Cela fait des années que le Collectif Sauvons les Fruits et Légumes de France tire la sonnette d’alarme sur l’ampleur de la crise agricole française. Les chiffres parlent d’eux-mêmes : bien que la balance commerciale agroalimentaire française ait été globalement excédentaire en 2024 (+3,9 milliards €), cet excédent a chuté de 26 % par rapport à 2023. Pire encore, sur les huit premiers mois de 2025, le solde de cette balance commerciale a chuté de 93 % ! Ainsi, la France pourrait connaître pour la première fois depuis des dizaines d’années un déficit de sa balance commerciale agroalimentaire. Le secteur fruits et légumes, lui, affiche déjà un déficit abyssal de 4,286 milliards d’euros en 2024, confirmant une hémorragie productive sans précédent.

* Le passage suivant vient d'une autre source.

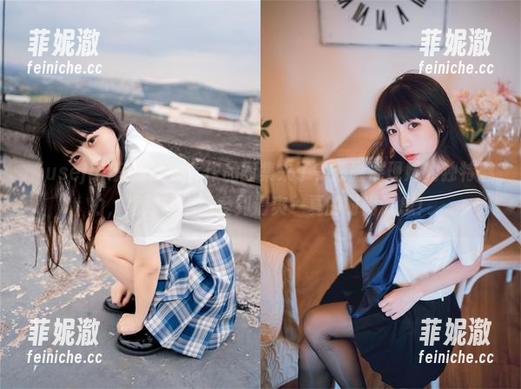 “usejan蓝蓝泳衣”作品图集来了，清晰展现她的独特魅力，绝对让你感受到清爽一夏的时尚气息！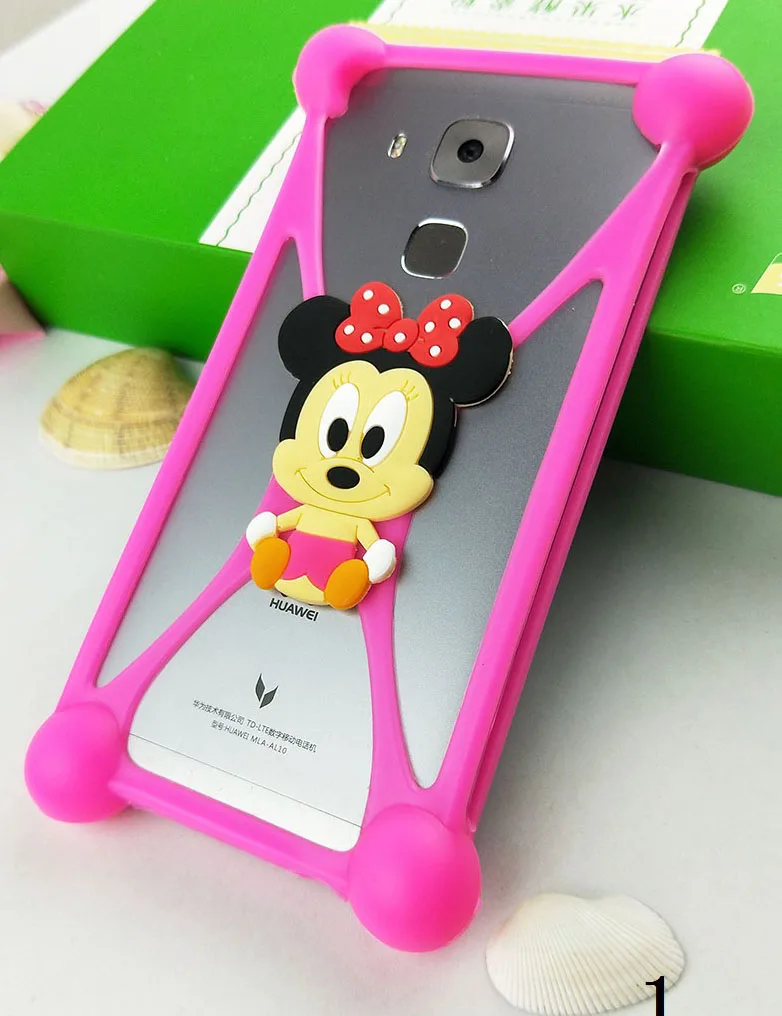 Роскошный мультяшный чехол для телефона TP Link Neffos Y5S C5A C7A C5S C5 Y5s X1 Max Y50 C7|Бамперы| |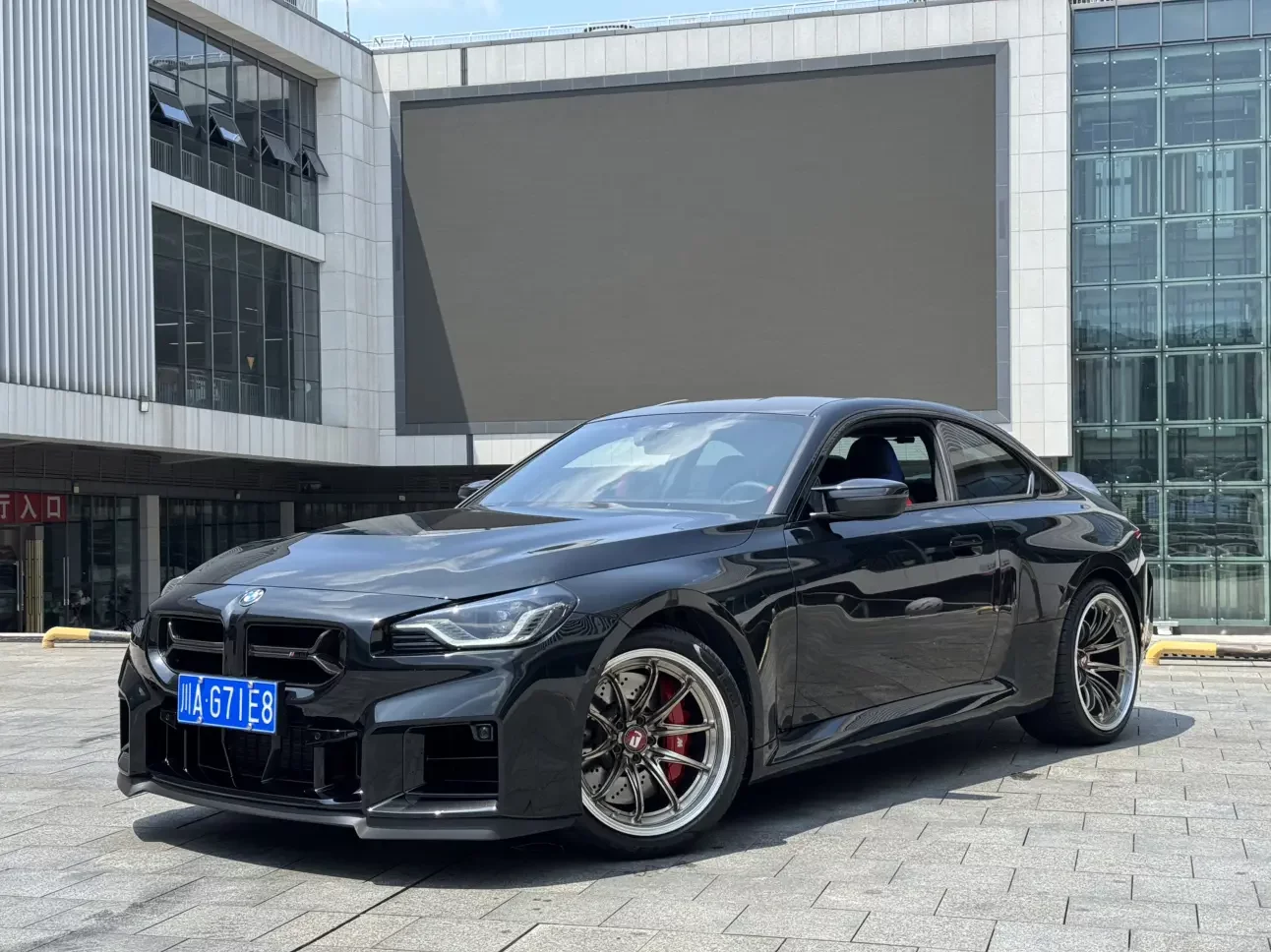 BMW M2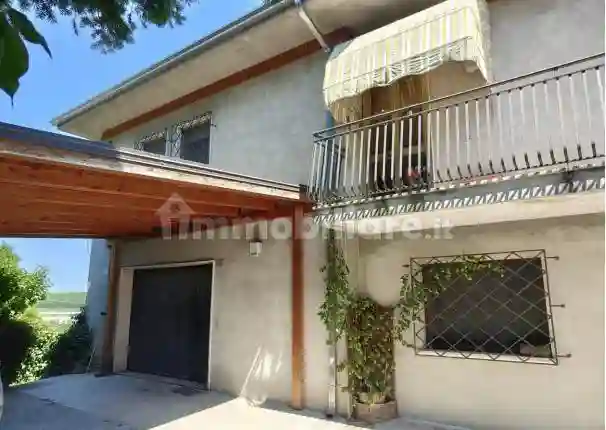 Casa indipendente - foto 2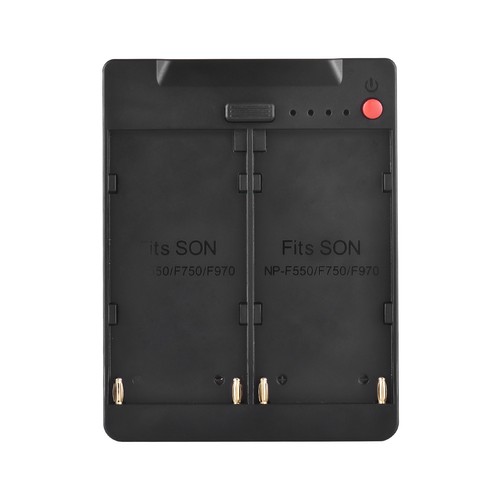 F970 f750 f550 - f550, battery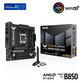 Placa Base ASUS TUF GAMING B850M-PLUS WIFI Placa Base ASUS TUF GAMING B850M-PLUS WIFI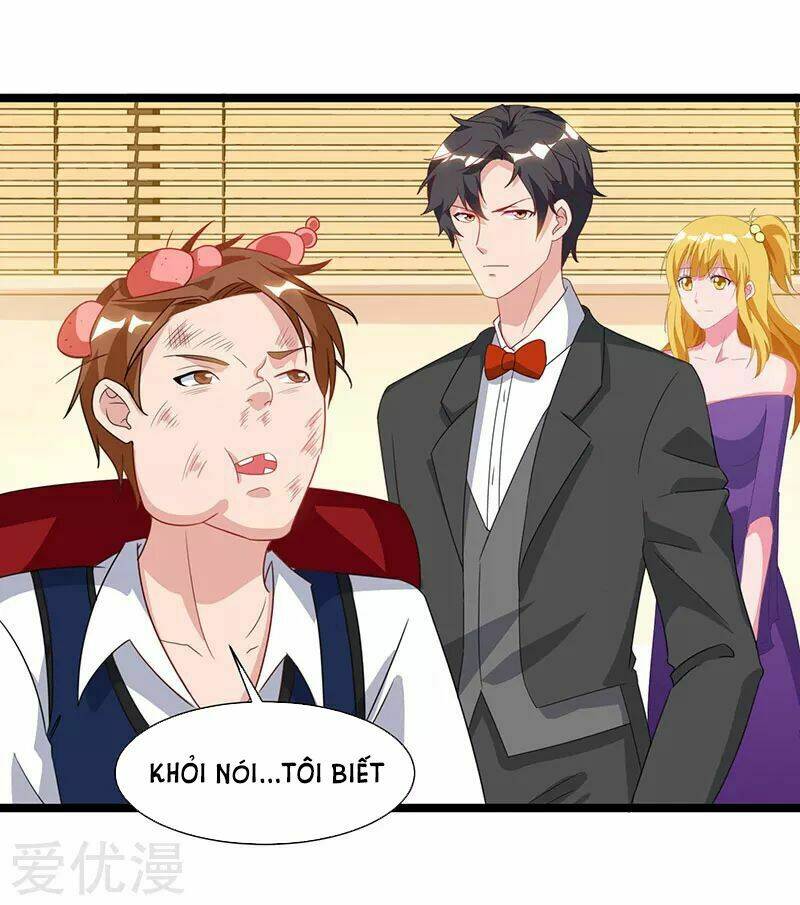 trọng sinh khí thiếu quy lai chapter 52 6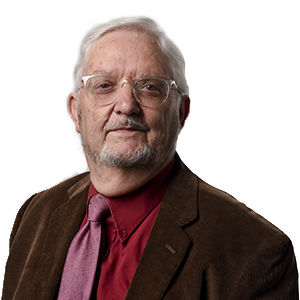 Columnist John Morgan 专栏作家约翰·摩根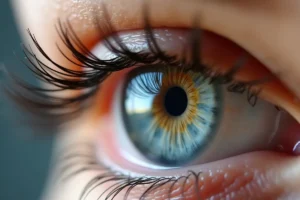 Dwurzędowość rzęs: Przyczyny, objawy i leczenie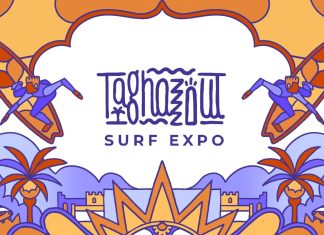 Le 1er salon professionnel du surf en Afrique se tiendra au Maroc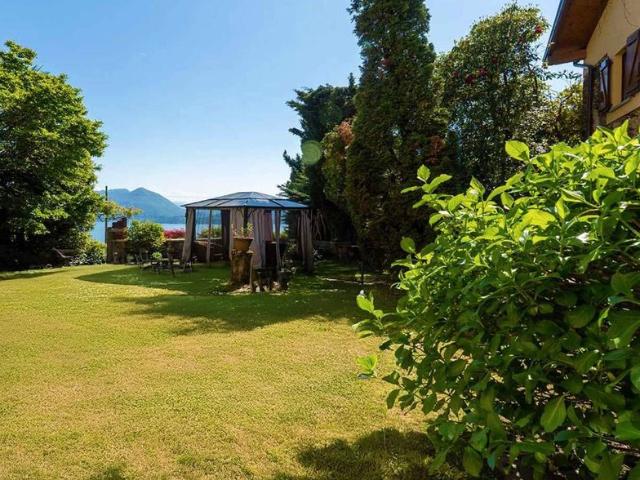 Villa Indipendente in vendita a Piemonte, Verbano-cusio-ossola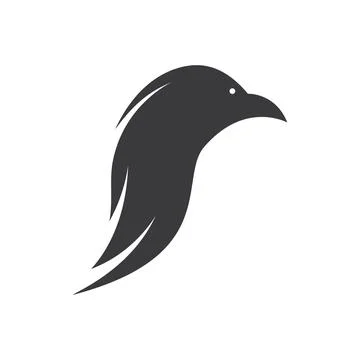 Bird illustration Stock-Illustration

De même, les rapports parlementaires se multiplient et convergent tous vers le même constat alarmant : rapport « La France, un champion agricole mondial : pour combien de temps encore ? » (2019), rapport de la mission d’information sénatoriale sur la compétitivité de la ferme France (2022), rapport de la commission des Finances de l’Assemblée sur la balance commerciale agricole (2024). Les commissions du Sénat et de l’Assemblée multiplient les auditions d’acteurs du secteur, qui pointent tous l’érosion continue de notre souveraineté productive.

Cette dégradation n’est pas conjoncturelle : elle traduit un désavantage structurel massif lié notamment aux distorsions de concurrence. Normes environnementales plus strictes, coûts de main d’œuvre supérieurs, insécurité juridique permanente… Les producteurs français sont pénalisés sur tous les fronts, tandis que les produits importés répondent à des standards bien moins exigeants.

Politique de l’eau : des avancées

Le Collectif Sauvons les Fruits et Légumes de France salue néanmoins les orientations prises par le gouvernement sur la politique de l’eau, notamment la suspension jusqu’en septembre des textes fixant les volumes prélevables et l’appel à un moratoire sur les décisions en cours. Ces mesures vont dans le bon mais ne suffisent pas. Sans révision profonde du droit de l’environnement, la construction de retenues d’eau restera bloquée par des contentieux judiciaires systématiques.

Loi d’urgence agricole et moyens de production : le gouvernement doit assumer la fin des surtranspositions

Au-delà de l’eau, les annonces gouvernementales passent à côté de l’essentiel : comment redonner aux agriculteurs français les moyens de produire ? Pendant que nos producteurs sont soumis à des normes sanitaires et environnementales parmi les plus strictes au monde, à des coûts de main d’œuvre sans commune mesure avec ceux de nos concurrents européens, et à des surtranspositions franco-françaises qui vont systématiquement au-delà du cadre européen, les importations affluent massivement sur notre territoire.

Le gouvernement tente d’y répondre dans l’urgence, comme en témoigne la récente suspension de l’introduction de végétaux traités avec certaines substances dangereuses interdites dans l’UE. Mais ces mesures d’interdiction d’importations relèvent davantage de la communication politique. Elles n’améliorent en rien la compétitivité de nos producteurs et conduisent même à des mesures de rétorsion de la part des pays hors UE ciblés. Comme le Collectif Sauvons les Fruits et Légumes de France l’a déjà souligné le 4 janvier dernier (voir notre communiqué), la priorité demeure notre compétitivité par rapport à la  concurrence intra-européenne.

Concernant les « moyens de production » qui seraient l’un des piliers de sa loi d’urgence agricole, le gouvernement reste volontairement vague.  D’après certains médias, le ministère « ne ferme pas la porte » à des dispositions concernant les néonicotinoïdes interdits en France mais autorisés dans l’UE. Mais entre assurer qu’« aucun sujet n’est interdit » et assumer la fin effective de certaines surtranspositions, la marche est haute ! Nous appelons donc le gouvernement à se saisir véritablement du sujet : la réintroduction de ces néonicotinoïdes constituerait un premier pas vers le rétablissement de la compétitivité de nos producteurs.